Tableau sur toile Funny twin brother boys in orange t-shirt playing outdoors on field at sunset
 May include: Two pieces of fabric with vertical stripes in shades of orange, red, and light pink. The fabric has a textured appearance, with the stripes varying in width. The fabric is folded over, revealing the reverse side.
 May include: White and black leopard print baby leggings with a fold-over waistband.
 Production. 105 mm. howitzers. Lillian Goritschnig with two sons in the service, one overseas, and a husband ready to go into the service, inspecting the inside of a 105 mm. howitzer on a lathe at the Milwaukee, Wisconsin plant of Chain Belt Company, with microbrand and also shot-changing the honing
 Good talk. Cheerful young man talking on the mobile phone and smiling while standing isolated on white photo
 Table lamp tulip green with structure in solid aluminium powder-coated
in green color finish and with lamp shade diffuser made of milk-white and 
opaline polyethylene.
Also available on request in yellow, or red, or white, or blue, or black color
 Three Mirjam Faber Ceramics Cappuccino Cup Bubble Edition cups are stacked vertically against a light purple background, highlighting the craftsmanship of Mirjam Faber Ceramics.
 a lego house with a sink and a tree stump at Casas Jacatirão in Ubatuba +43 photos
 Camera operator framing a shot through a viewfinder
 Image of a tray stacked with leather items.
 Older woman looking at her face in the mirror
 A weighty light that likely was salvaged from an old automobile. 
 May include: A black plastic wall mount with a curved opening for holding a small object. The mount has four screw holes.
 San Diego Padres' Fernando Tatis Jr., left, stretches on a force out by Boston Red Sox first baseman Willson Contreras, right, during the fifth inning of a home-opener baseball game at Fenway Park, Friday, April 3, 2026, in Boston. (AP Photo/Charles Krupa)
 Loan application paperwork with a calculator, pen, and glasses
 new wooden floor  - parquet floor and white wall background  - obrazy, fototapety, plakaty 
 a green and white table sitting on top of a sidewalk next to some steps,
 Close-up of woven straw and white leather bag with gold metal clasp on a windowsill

+ + +

What is needed: Each line of the data must be returned exactly.

Exercise solution:
Tableau sur toile Funny twin brother boys in orange t-shirt playing outdoors on field at sunset
 May include: Two pieces of fabric with vertical stripes in shades of orange, red, and light pink. The fabric has a textured appearance, with the stripes varying in width. The fabric is folded over, revealing the reverse side.
 May include: White and black leopard print baby leggings with a fold-over waistband.
 Production. 105 mm. howitzers. Lillian Goritschnig with two sons in the service, one overseas, and a husband ready to go into the service, inspecting the inside of a 105 mm. howitzer on a lathe at the Milwaukee, Wisconsin plant of Chain Belt Company, with microbrand and also shot-changing the honing
 Good talk. Cheerful young man talking on the mobile phone and smiling while standing isolated on white photo
 Table lamp tulip green with structure in solid aluminium powder-coated
in green color finish and with lamp shade diffuser made of milk-white and 
opaline polyethylene.
Also available on request in yellow, or red, or white, or blue, or black color
 Three Mirjam Faber Ceramics Cappuccino Cup Bubble Edition cups are stacked vertically against a light purple background, highlighting the craftsmanship of Mirjam Faber Ceramics.
 a lego house with a sink and a tree stump at Casas Jacatirão in Ubatuba +43 photos
 Camera operator framing a shot through a viewfinder
 Image of a tray stacked with leather items.
 Older woman looking at her face in the mirror
 A weighty light that likely was salvaged from an old automobile. 
 May include: A black plastic wall mount with a curved opening for holding a small object. The mount has four screw holes.
 San Diego Padres' Fernando Tatis Jr., left, stretches on a force out by Boston Red Sox first baseman Willson Contreras, right, during the fifth inning of a home-opener baseball game at Fenway Park, Friday, April 3, 2026, in Boston. (AP Photo/Charles Krupa)
 Loan application paperwork with a calculator, pen, and glasses
 new wooden floor  - parquet floor and white wall background  - obrazy, fototapety, plakaty 
 a green and white table sitting on top of a sidewalk next to some steps,
 Close-up of woven straw and white leather bag with gold metal clasp on a windowsill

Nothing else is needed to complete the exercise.